The artwork on the first floor is primarily created by Fidencio Fifield-Perez. Born in Oaxaca, Mexico in 1990, Fifield-Perez was smuggled into the United States at the age of seven. He received his DACA papers in 2012 and has been presenting his work ever since.
My favorite piece by him was entitled El Hielo . Made of acrylic, ink, maps, and map pins, it’s as if the artwork is made of spider webs. When you look closely you can see that the webs are actually intricately cut out roads from a map. It seems fitting that someone so connected to migration would use maps as a way to express himself.
The second floor was completely dedicated to the Syrian crisis. This example of global migration has had a decent amount of coverage in American news, probably because of its overall impact on the United States as a whole. In my brain, they placed this on the second floor because it’s a form of global migration that hasn’t gone over our heads here in the US. It’s still making an impact on us here, so, if you’ve been paying attention, you know what’s going on.
The images on this floor were shots from Omar Imam’s Live, Love, Refugee series that came out in 2015. Imam was a Syrian refugee that spent time volunteering at a refugee camp in Lebanon’s Begaa Valley in 2012. There was an eerie lightheartedness to the images, all in black and white.
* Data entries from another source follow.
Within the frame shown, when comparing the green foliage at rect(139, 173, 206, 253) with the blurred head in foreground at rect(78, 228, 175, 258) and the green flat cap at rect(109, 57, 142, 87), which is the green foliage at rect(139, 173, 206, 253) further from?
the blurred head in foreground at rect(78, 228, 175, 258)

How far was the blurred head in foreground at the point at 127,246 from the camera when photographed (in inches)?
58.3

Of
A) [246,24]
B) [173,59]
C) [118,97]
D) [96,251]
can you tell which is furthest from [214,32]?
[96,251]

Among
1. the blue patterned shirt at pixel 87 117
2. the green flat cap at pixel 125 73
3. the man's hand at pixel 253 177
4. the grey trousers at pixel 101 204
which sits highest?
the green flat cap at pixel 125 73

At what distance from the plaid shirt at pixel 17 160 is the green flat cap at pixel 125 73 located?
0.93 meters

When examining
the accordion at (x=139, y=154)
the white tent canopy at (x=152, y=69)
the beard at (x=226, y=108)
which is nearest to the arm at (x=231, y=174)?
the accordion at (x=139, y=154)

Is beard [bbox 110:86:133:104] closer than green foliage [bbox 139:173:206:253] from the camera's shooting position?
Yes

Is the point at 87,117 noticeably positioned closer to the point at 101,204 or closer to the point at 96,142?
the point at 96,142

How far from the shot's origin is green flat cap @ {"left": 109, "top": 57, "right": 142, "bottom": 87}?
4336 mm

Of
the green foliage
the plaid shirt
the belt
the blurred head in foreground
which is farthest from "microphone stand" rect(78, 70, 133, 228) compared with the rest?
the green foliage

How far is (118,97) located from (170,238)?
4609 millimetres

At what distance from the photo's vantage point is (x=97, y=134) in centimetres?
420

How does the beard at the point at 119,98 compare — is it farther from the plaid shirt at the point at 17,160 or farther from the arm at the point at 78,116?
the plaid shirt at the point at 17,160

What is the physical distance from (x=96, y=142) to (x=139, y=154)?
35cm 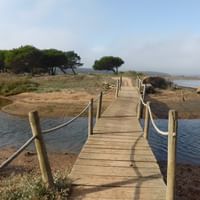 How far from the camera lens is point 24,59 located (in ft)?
210

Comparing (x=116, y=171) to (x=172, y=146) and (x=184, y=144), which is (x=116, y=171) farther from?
(x=184, y=144)

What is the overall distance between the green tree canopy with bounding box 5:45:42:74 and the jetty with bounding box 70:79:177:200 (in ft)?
181

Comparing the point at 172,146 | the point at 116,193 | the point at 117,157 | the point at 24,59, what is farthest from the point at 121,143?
the point at 24,59

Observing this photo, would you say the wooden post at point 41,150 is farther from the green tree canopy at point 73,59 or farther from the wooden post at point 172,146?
the green tree canopy at point 73,59

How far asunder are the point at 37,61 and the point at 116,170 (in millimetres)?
60188

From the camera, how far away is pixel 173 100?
30703 mm

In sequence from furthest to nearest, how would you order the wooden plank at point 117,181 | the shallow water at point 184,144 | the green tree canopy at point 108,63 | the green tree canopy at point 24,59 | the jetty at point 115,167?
the green tree canopy at point 108,63
the green tree canopy at point 24,59
the shallow water at point 184,144
the wooden plank at point 117,181
the jetty at point 115,167

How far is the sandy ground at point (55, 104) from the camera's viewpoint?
25.8 metres

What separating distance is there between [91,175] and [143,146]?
288 centimetres

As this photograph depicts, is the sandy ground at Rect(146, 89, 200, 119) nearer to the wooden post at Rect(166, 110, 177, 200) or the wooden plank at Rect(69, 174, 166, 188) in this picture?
the wooden plank at Rect(69, 174, 166, 188)

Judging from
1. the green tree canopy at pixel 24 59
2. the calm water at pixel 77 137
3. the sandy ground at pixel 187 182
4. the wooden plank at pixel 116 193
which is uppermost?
the green tree canopy at pixel 24 59

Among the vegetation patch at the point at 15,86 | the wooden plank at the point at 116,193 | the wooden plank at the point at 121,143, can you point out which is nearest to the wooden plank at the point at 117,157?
the wooden plank at the point at 121,143

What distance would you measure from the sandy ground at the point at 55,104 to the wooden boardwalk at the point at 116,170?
14.9m

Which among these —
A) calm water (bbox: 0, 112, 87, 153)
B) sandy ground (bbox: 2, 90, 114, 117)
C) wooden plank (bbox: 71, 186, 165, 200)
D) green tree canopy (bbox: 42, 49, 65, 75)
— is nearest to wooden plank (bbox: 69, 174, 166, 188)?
wooden plank (bbox: 71, 186, 165, 200) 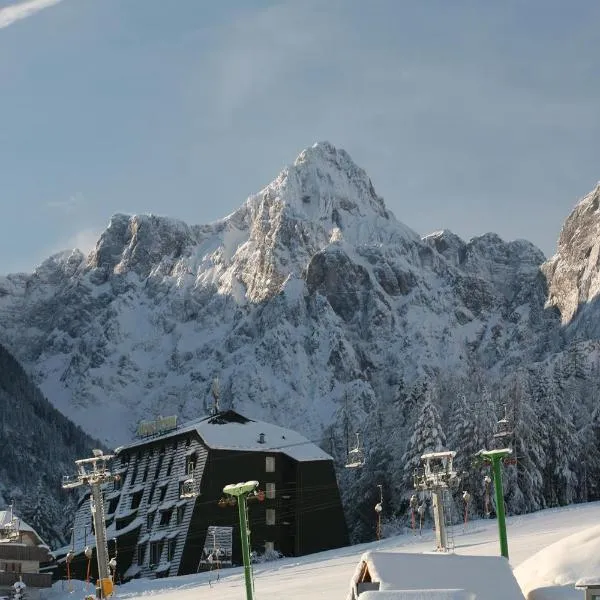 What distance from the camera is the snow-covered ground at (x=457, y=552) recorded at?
106ft

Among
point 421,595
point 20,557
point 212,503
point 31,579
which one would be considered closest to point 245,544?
point 421,595

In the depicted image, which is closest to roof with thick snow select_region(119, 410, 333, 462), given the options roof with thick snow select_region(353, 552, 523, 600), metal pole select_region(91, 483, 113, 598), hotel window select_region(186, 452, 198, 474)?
hotel window select_region(186, 452, 198, 474)

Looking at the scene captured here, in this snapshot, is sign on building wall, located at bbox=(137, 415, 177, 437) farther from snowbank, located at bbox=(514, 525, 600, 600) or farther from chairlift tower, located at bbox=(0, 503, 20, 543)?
snowbank, located at bbox=(514, 525, 600, 600)

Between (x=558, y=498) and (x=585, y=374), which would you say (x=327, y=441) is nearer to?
(x=585, y=374)

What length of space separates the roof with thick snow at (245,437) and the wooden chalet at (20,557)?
44.5ft

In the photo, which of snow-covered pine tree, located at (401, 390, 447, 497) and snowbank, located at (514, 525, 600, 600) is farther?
snow-covered pine tree, located at (401, 390, 447, 497)

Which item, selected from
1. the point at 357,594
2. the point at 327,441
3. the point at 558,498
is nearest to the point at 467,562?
the point at 357,594

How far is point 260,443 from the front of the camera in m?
91.9

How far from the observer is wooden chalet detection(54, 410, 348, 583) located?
85.1 m

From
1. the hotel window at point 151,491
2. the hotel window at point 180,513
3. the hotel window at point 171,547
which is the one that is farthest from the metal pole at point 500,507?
the hotel window at point 151,491

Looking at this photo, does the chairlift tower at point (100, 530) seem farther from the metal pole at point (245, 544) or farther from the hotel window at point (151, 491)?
the hotel window at point (151, 491)

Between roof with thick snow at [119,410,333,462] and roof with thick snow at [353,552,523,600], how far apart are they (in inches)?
2224

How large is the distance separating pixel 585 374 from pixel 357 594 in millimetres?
81304

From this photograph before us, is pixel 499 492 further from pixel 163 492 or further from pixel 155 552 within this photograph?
pixel 163 492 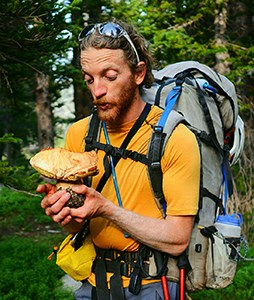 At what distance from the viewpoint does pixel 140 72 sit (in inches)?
Answer: 110

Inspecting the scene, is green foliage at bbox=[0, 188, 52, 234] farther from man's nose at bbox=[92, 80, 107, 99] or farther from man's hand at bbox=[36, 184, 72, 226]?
man's hand at bbox=[36, 184, 72, 226]

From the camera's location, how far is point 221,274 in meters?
2.87

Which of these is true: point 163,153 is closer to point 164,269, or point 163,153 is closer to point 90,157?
point 90,157

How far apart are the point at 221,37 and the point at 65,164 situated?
8537mm

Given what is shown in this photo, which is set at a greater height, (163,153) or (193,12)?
(163,153)

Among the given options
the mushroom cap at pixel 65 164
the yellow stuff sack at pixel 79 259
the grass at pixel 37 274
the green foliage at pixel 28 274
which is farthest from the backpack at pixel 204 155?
the green foliage at pixel 28 274

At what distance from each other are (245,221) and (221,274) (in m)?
7.51

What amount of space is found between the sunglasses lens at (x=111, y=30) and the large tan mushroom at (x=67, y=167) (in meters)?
0.70

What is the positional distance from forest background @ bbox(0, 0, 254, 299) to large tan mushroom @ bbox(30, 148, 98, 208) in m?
2.32

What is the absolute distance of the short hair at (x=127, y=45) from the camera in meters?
2.68

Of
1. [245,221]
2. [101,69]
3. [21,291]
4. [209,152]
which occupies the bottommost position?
[245,221]

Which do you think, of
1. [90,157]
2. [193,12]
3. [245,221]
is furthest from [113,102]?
[193,12]

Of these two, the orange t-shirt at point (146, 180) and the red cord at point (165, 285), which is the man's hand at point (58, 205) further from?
the red cord at point (165, 285)

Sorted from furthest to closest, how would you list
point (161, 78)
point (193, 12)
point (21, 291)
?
point (193, 12) → point (21, 291) → point (161, 78) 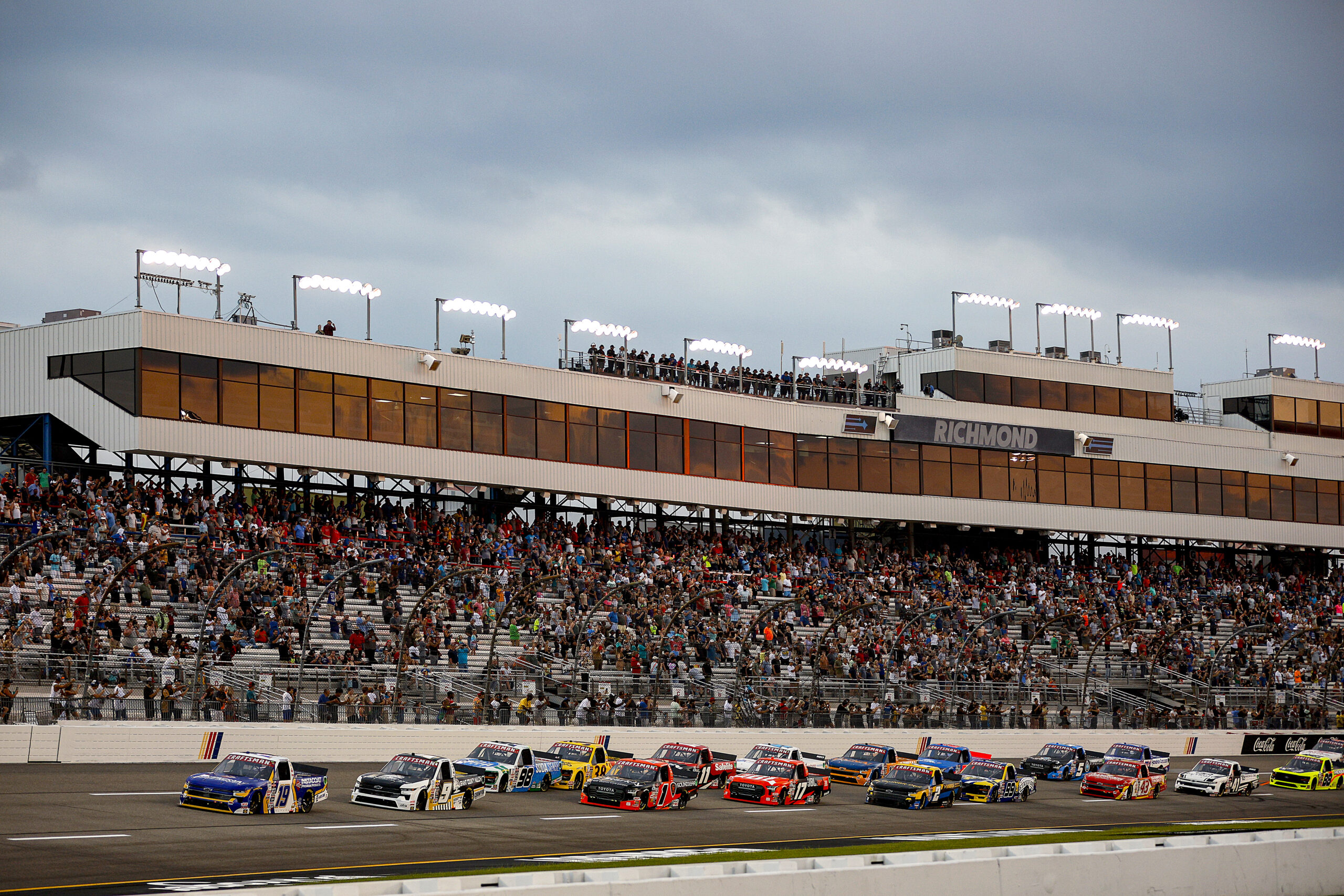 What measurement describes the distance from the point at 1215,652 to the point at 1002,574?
9624 mm

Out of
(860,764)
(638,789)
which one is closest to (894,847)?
(638,789)

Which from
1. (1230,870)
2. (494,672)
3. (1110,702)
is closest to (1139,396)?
(1110,702)

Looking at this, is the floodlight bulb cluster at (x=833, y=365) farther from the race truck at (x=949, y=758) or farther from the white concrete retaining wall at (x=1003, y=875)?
the white concrete retaining wall at (x=1003, y=875)

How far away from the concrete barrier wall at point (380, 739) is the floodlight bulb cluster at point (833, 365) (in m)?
23.1

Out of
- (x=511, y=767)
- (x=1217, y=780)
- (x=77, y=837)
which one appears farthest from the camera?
(x=1217, y=780)

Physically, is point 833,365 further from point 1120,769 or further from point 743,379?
point 1120,769

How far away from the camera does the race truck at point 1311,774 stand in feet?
163

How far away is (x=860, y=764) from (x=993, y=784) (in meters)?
3.90

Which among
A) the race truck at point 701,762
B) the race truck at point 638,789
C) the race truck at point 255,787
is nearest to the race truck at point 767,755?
the race truck at point 701,762

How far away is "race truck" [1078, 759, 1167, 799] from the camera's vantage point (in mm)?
43906

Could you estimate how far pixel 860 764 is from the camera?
44219mm

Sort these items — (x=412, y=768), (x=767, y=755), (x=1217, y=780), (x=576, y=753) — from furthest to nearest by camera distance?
(x=1217, y=780), (x=767, y=755), (x=576, y=753), (x=412, y=768)

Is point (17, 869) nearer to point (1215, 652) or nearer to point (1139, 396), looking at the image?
point (1215, 652)

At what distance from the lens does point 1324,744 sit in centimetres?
5481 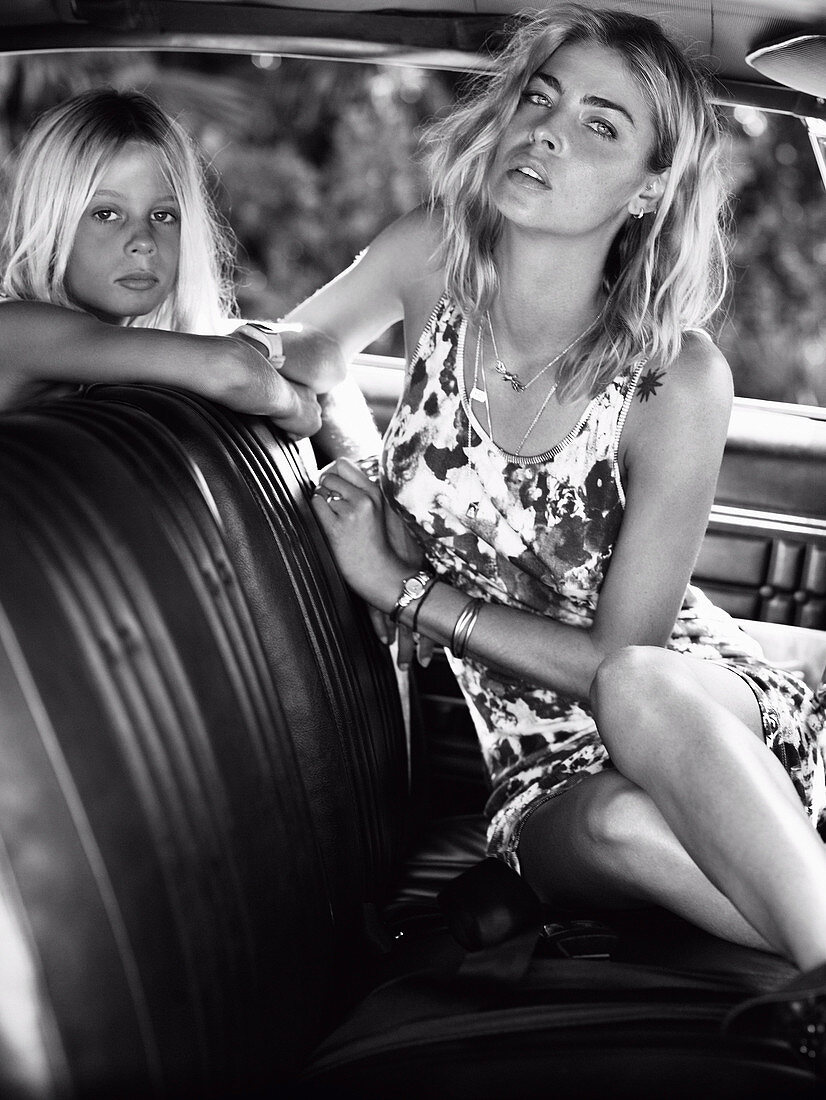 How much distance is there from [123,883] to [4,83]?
4.29 metres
The true pain was found in the quotes from each photograph’s muse often, written underneath the picture.
One quote struck me; hit me so hard in the gut that I felt hallow for the rest of my time on the second floor. It was simple, but seemed to echo in my brain after reading it. It said,
“The gap between me and my memories from Syria becomes bigger; I’m afraid of the blank.”
The third floor was completely dedicated to African migration into Europe, primarily through the Mediterranean Sea. This floor, and particular example of current global migration, is more out of reach than the other two. Out of sight, maybe? I’ve written about the stresses and tragedies that are currently striking the coasts of Africa in a few of my International Updates, but the articles I’ve found on this subject were never American sources.
Most of the work on the third floor was by photographer Daniel Castro Garcia. For me, his most impactful image was Muhammad Ali Bah, Rome, Italy, February 2017.
It’s a lone man in a white and black hoodie, black leather trenchcoat, and black acid washed jeans. He’s looking straight ahead at the camera. The corners of his lips are slightly upturned as if he knows he should smile but a hardness has prevented him from fully committing to it. There’s no smile in his eyes. An outline of a dinosaur’s skeleton is painted on the brick wall behind him. Everything in the image has grey undertones.
The man is Muhammad Ali Bah, who met Garcia in 2015 while living at the C.A.R.A. di Mineo Reception Centre– one of the largest migrant/refugee centres in Italy. It is currently under investigation for fraud, embezzlement, and other illegal Mafia operations.
When you first enter the third floor, you are struck with Garcia’s photos, but as you prepare to leave you will be sucked in by Leila Alaoui’s 6-minute video entitled Crossings as it’s projected onto the staircase’s wall. I highly suggest you watch her depiction of the Sub-Saharan African struggle before you leave.
Leila Alaoui died in 2016, at the age of 33, from injuries sustained from a terrorist attack in Ouagadougou, Burkina Faso. She was working on a project for Amnesty International’s women’s right campaign, My Body My Rights.
While I’ve written a lot, the cliché still rings true: a picture is worth a thousand words (I missed that count by thirty). Stateless will be on display at the MoCP until March 31st. It’s a compact museum, so if you’re in Chicago any time this month, I highly suggest dedicating an hour of your time to this project.